Valeriy Avdysh

Personal information
- Full name: Valeriy Zedovych Avdysh
- Date of birth: 11 November 1950 (age 74)
- Place of birth: Zhytomyr, Soviet Union
- Position(s): Defender

Senior career*
- Years: Team / Apps / (Gls)
- 1970: FC Avtomobilist Zhytomyr
- 1970: FC Horyn Rivne
- 1971: FC Vulkan Petropavlovsk-Kamchatsky /  / (1)
- 1975: FC Avtomobilist Zhytomyr
- 1976–1977: FC Spartak Ivano-Frankivsk / 75 / (1)
- 1978–1980: SC Tavriya Simferopol / 65 / (0)
- 1981–1982: FC Prykarpattia Ivano-Frankivsk / 78 / (2)

= Valeriy Avdysh =

Ukrainian footballer and referee

Valeriy Avdysh (11 November 1950) is an Assyrian Ukrainian football referee and former footballer who played for SC Tavriya Simferopol.
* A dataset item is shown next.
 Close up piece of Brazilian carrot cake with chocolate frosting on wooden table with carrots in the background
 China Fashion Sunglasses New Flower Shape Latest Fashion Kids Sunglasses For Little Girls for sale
After retiring as a player, Avdysh became a football referee.

Avdysh was a linesman at the exhibition game between Russia and Poland that took place on 2 June 1996 in Moscow, Russia.

Valeriy Avdysh is a younger brother of the late Ukrainian football manager Zaya Avdysh.